# What the exercise asks
Return exactly those lines of the material that fall between the line with "ماتركس صوص سويت اند سور اسكويز 300 جرام" and the final line, both included.

# Data in this exercise
◇ ◇ ◇

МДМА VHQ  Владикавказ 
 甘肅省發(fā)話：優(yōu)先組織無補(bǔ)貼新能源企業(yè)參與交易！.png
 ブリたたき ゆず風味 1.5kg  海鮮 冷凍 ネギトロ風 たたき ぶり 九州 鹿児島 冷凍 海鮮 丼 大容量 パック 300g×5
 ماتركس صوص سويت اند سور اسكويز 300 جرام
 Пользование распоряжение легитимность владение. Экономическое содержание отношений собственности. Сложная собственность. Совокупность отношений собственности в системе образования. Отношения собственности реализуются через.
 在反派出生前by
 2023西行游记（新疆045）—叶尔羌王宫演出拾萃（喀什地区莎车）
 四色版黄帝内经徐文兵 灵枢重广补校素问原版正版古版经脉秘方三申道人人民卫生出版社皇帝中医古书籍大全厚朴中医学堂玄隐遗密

◇ ◇ ◇

# Result below
 ماتركس صوص سويت اند سور اسكويز 300 جرام
 Пользование распоряжение легитимность владение. Экономическое содержание отношений собственности. Сложная собственность. Совокупность отношений собственности в системе образования. Отношения собственности реализуются через.
 在反派出生前by
 2023西行游记（新疆045）—叶尔羌王宫演出拾萃（喀什地区莎车）
 四色版黄帝内经徐文兵 灵枢重广补校素问原版正版古版经脉秘方三申道人人民卫生出版社皇帝中医古书籍大全厚朴中医学堂玄隐遗密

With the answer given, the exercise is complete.